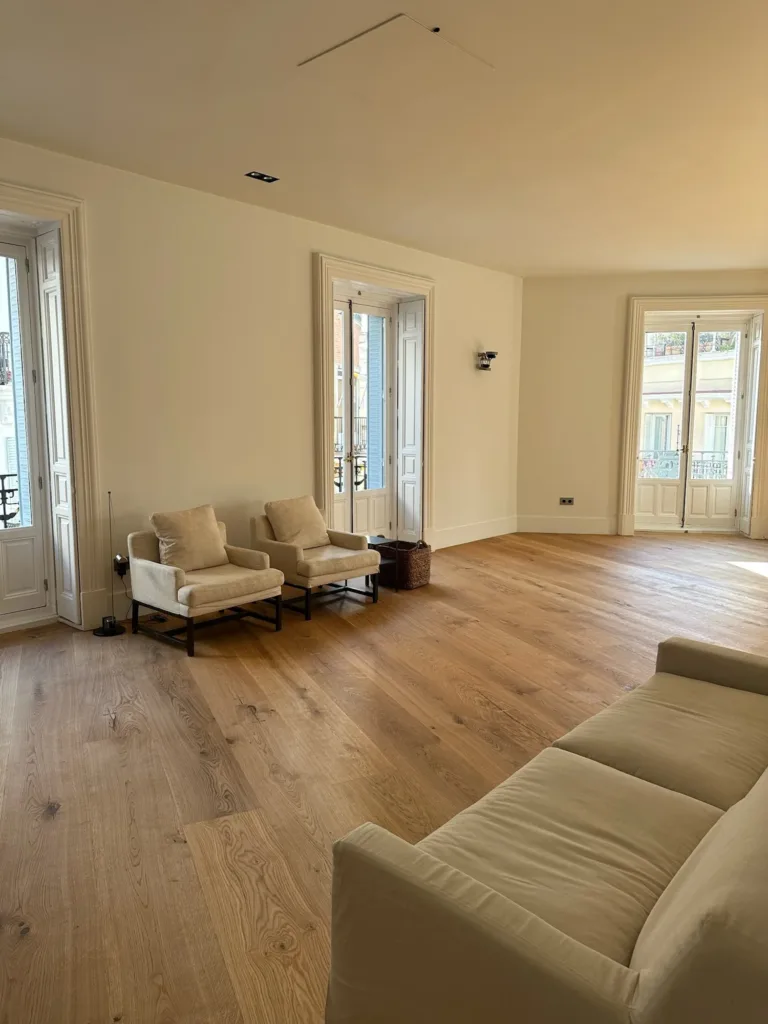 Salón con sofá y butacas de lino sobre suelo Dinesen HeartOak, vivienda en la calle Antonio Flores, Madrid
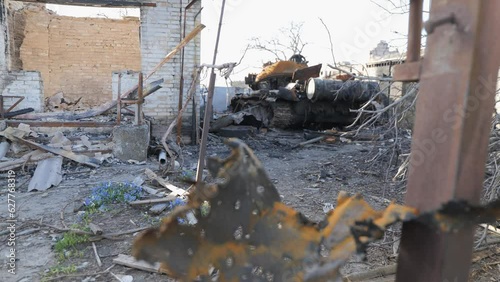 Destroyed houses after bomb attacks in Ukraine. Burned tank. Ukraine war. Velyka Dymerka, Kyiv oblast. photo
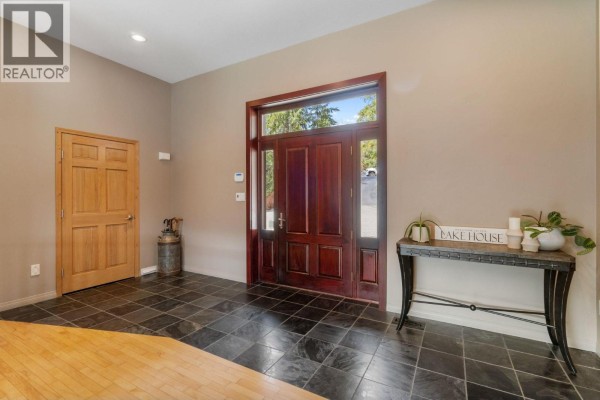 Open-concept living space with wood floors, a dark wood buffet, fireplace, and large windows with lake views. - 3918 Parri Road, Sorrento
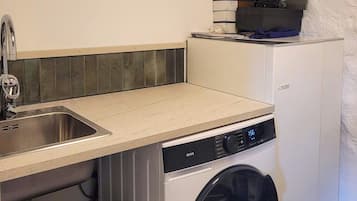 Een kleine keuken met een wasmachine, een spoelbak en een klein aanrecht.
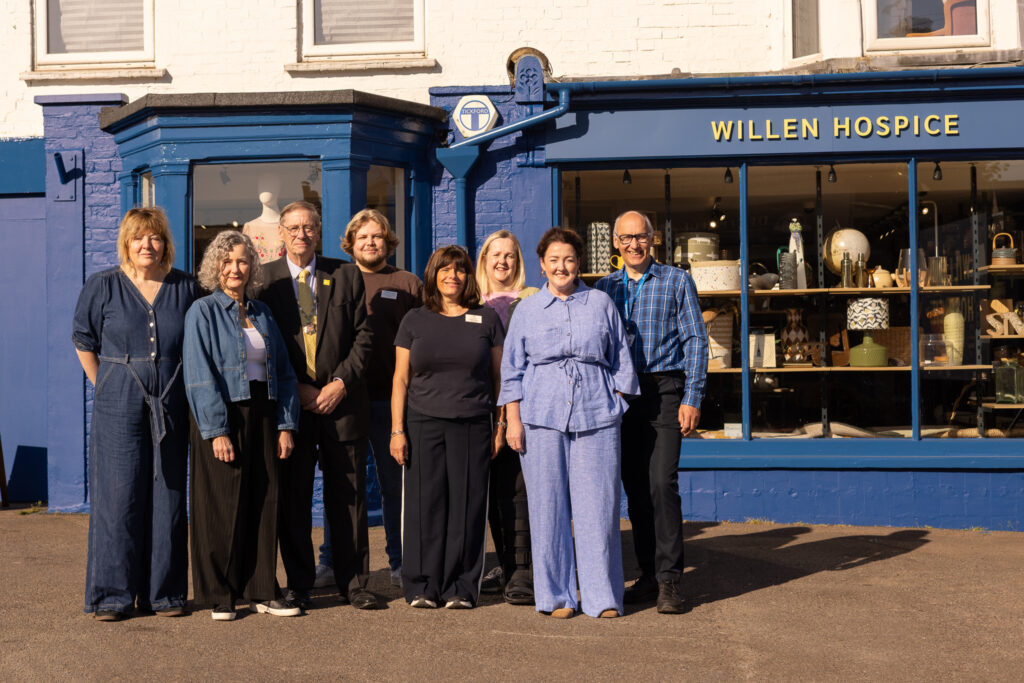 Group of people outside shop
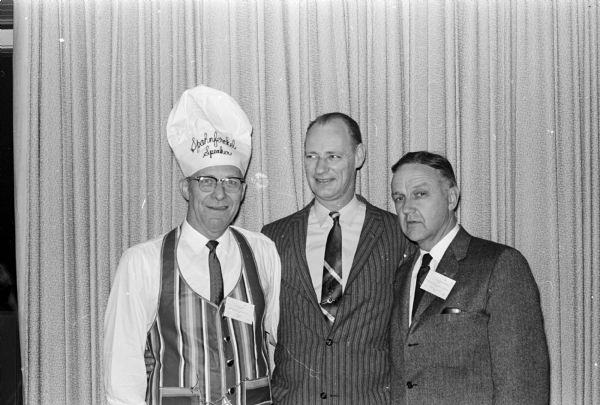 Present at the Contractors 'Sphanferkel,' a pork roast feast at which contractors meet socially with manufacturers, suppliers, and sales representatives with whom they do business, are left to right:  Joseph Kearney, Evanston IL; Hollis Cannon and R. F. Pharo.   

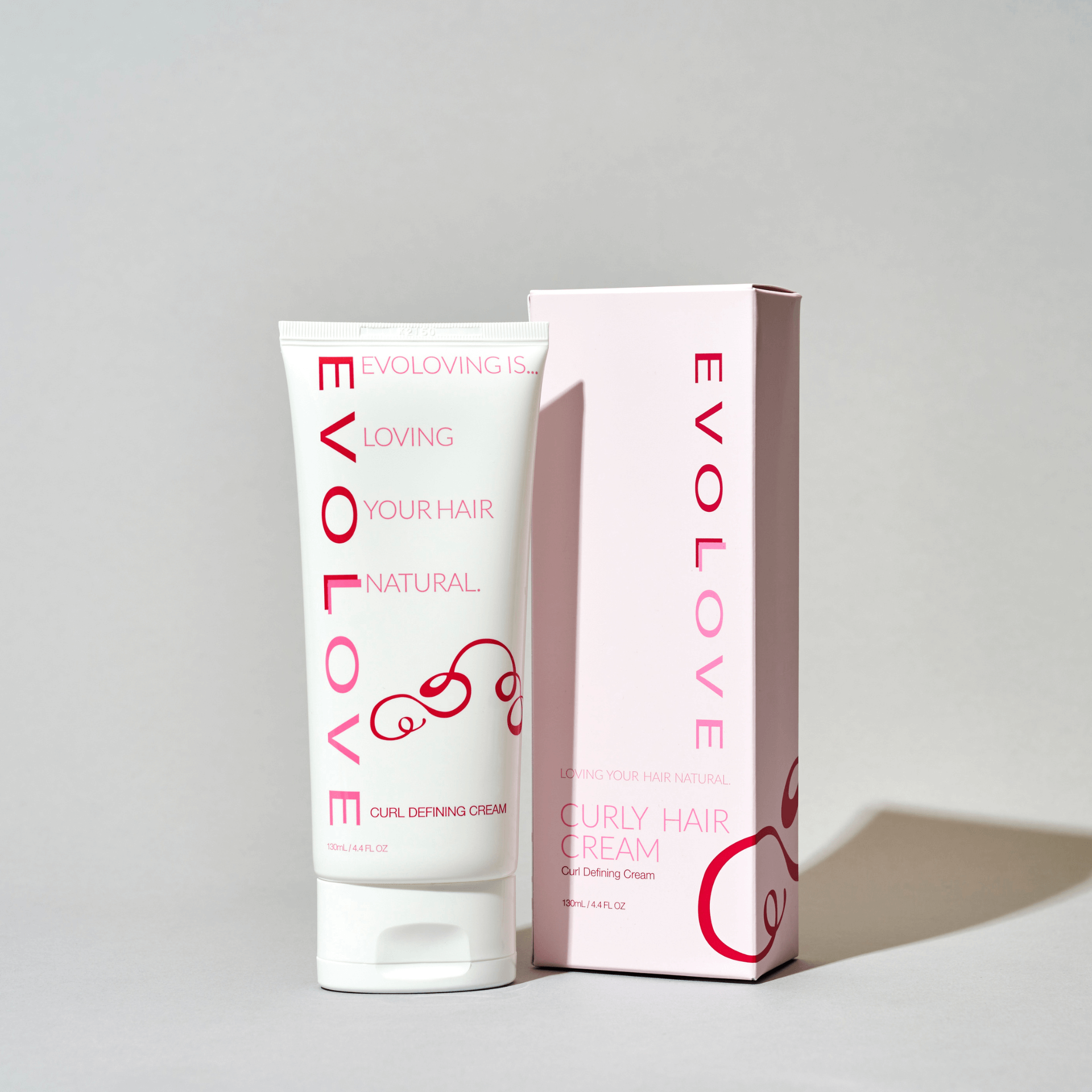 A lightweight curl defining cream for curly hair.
* * *
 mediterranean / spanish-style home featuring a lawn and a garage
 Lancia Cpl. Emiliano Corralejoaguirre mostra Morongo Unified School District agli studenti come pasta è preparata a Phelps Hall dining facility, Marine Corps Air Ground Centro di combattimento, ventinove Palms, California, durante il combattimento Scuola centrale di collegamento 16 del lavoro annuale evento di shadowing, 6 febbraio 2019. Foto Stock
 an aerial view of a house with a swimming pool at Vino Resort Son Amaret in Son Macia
* * *
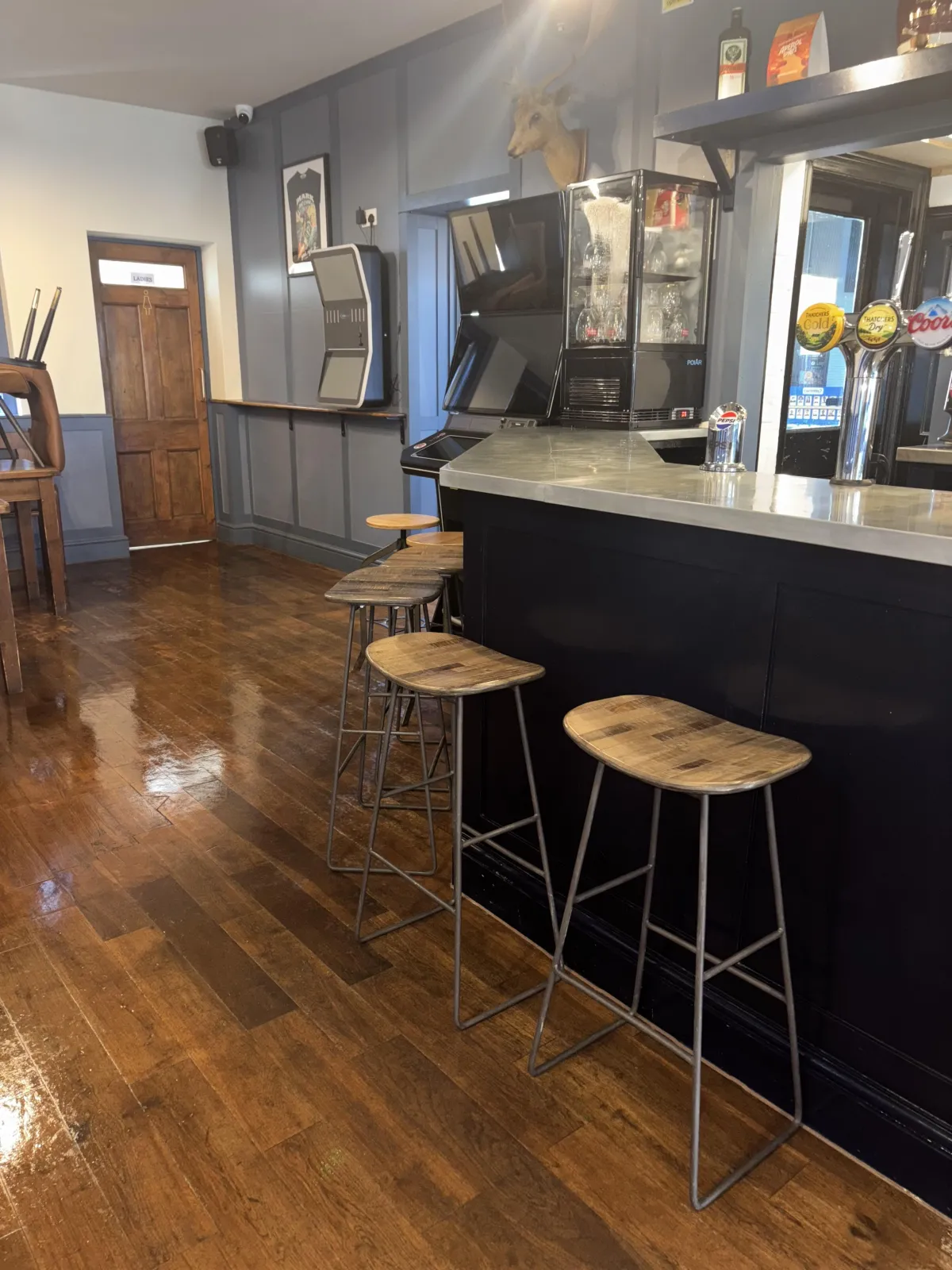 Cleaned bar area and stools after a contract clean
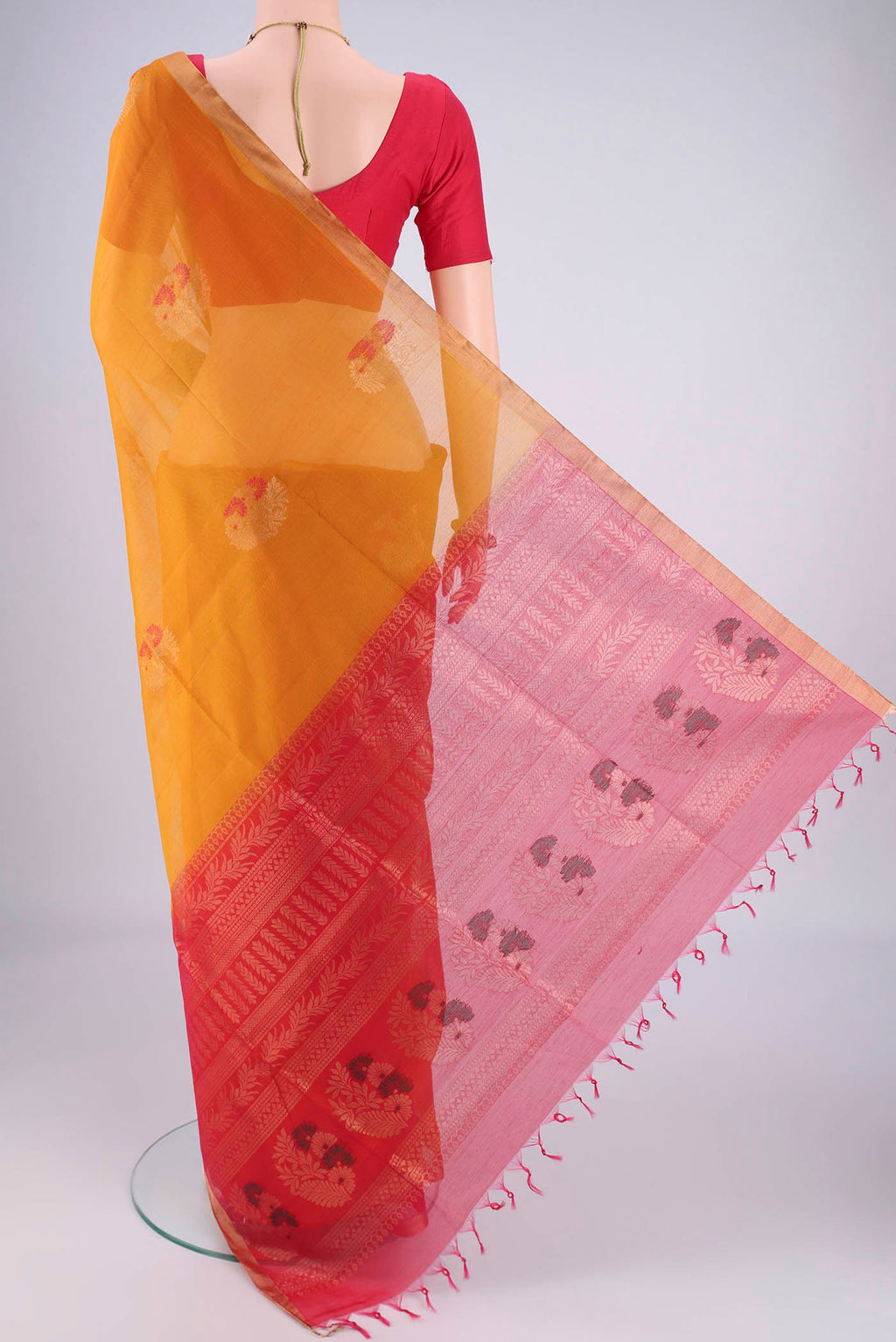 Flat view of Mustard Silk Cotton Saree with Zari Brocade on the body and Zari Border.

What you need to do →
Begin with the line above that has "Lancia Cpl. Emiliano" and continue through the line that has "an aerial view", setting each one down exactly. Stop there.

Solution for this problem →
 Lancia Cpl. Emiliano Corralejoaguirre mostra Morongo Unified School District agli studenti come pasta è preparata a Phelps Hall dining facility, Marine Corps Air Ground Centro di combattimento, ventinove Palms, California, durante il combattimento Scuola centrale di collegamento 16 del lavoro annuale evento di shadowing, 6 febbraio 2019. Foto Stock
 an aerial view of a house with a swimming pool at Vino Resort Son Amaret in Son Macia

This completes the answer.